I verbali
La mafia che "balla", il pentito Cerbo "Scarface": «Io, Mazzei e le discoteche»
Ecco cosa ha raccontato il collaboratore ai magistrati della Dda di Milano.
La mafia che balla. Catania è una delle città dove i clan i piedi in pista li hanno messi da diverso tempo. Una fotografia, seppur non recentissima, l'ha fatta ai pm della Dda di Milano William Cerbo – meglio noto alle falde dell'Etna con il nomignolo di “Scarface” – che è diventato collaboratore di giustizia appena un mese fa. E ha riempito già quattro verbali che sono stati depositati, con ampi omissis, al processo Hydra sull'ipotesi delle mafie federate per fare affari illeciti in Lombardia.
«Io e Nuccio Mazzei gestivamo delle discoteche a Catania e dei lidi balneari», ha spiegato Cerbo ai magistrati riferendosi all'indagine che ha portato a una condanna definitiva per associazione mafiosa. Il collaboratore ha inteso però fare delle precisazioni sul coinvolgimento del boss nei locali che ha gestito più di dieci anni fa. «Nel senso che nella discoteca Boh non c’entrava niente Mazzei, mentre nell’apertura del 69 Lune il mio socio occulto era lui».
Cerbo cerca di essere più preciso. Anche a livello di date: «Già dal 2011 cominciamo a svolgere attività in queste discoteche. Le discoteche a Catania - dice - sono un inferno. Specialmente questa (il Boh) era una delle discoteca che andava di più, quindi quando siamo cominciati a diventare grandi nelle discoteche mio padre voleva tenere l’ordine. L’ordine significa che non doveva entrare nessuno dei quartieri, ragazzi non puliti! Questo a Catania è impossibile! Perché vengono dieci, venti motorini e ti sparano come è successo! Io avendo il rapporto con Mazzei, mi sono occupato di questa pulizia e lui, Nuccio, mi mise la sua sicurezza davanti la porta, capitanata da suo cugino che si chiama: Turi il mostro».

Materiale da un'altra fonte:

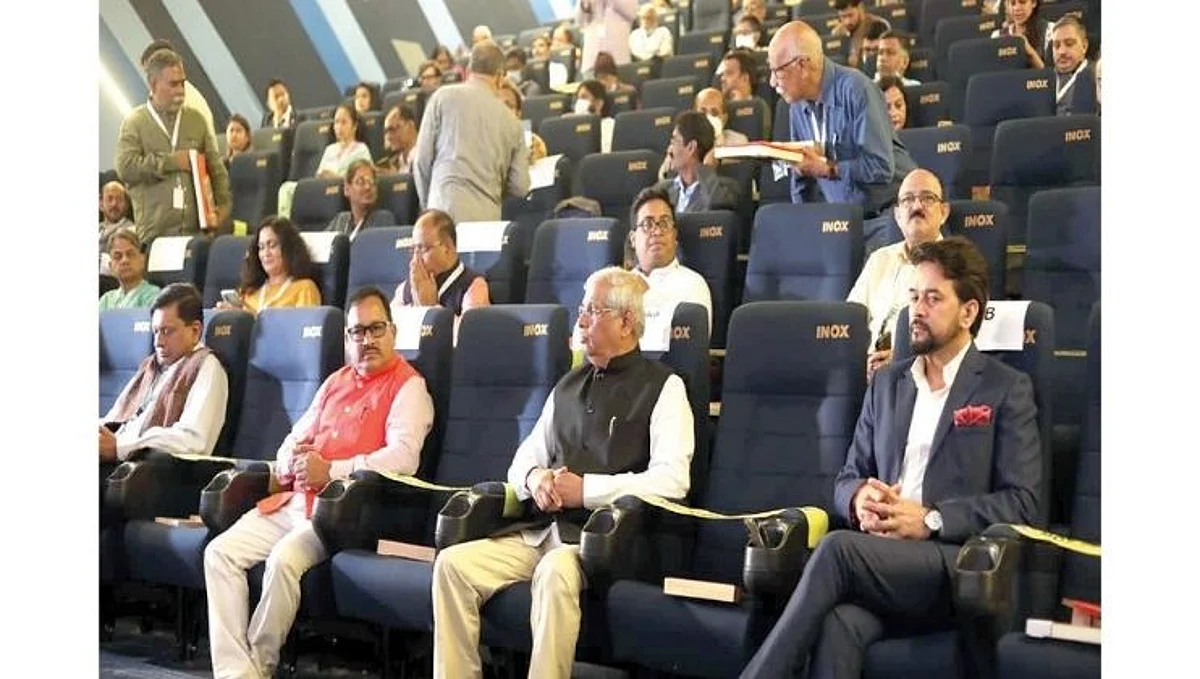 आधुनिक तंत्रज्ञानाद्वारे करा सिनेनिर्मिती: अनुराग ठाकूर
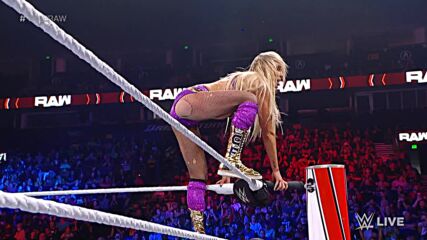 Sasha Banks decimates Becky Lynch and Bianca Belair: Raw, Oct. 4, 2021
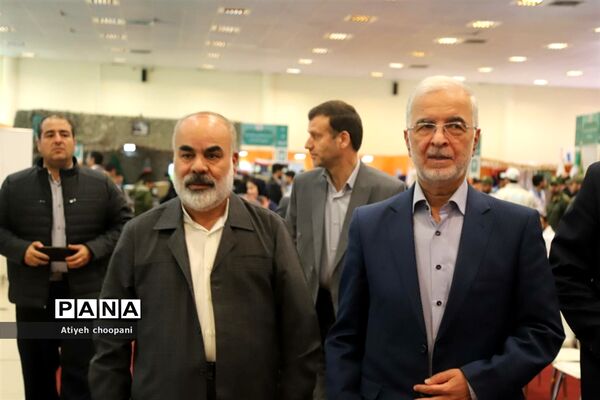 بازدید مشاور عالی رئیس ستادکل نیروهای مسلح از نمایشگاه یاریگران زندگی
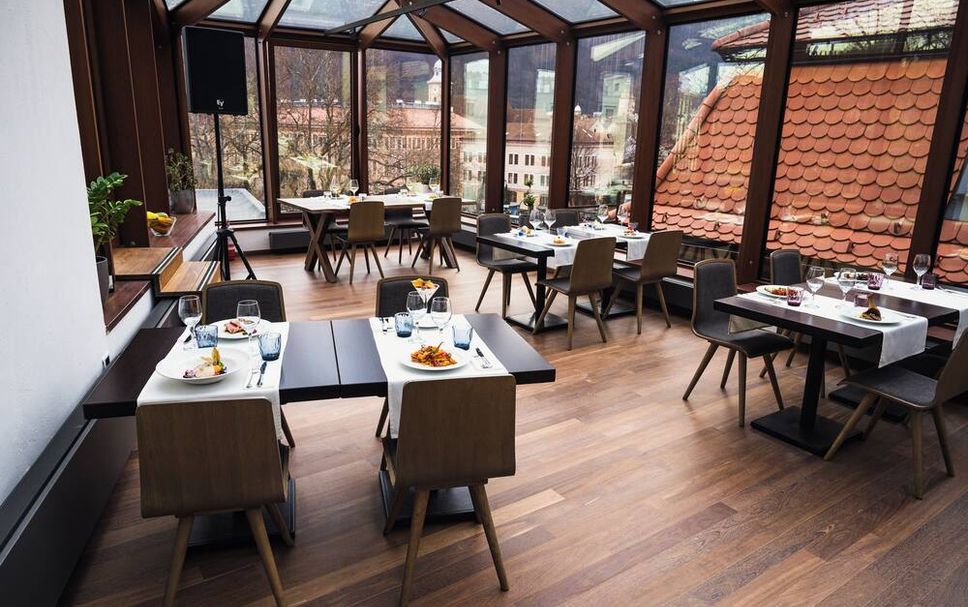 Restaurant Photo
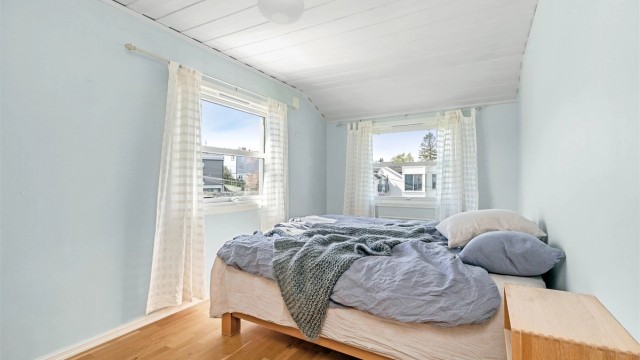 Hovedsoverom med god plass til en dobbeltseng og nattbord på hver side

I soldi sporchi, quindi, con la discoteca Boh come li faceva il clan? «Con i parcheggi e la sicurezza». Ma a un certo punto ci furono dei problemi con i Santapaola. «La discoteca era alla Stazione che era territorio degli Zucchero (Non Maurizio, ndr)». Gli Zucchero «ci fecero una specie di estorsione: volevano a tutti i costi i parcheggi che valevano 200-300 euro a sera. A Nuccio questa cosa non gli è stata bene: “la discoteca è di un carissimo amico mio, i parcheggi sono i nostri, la sicurezza è nostra”». Su questo nodo ci sarebbe stata pure «una riunione» risolutiva.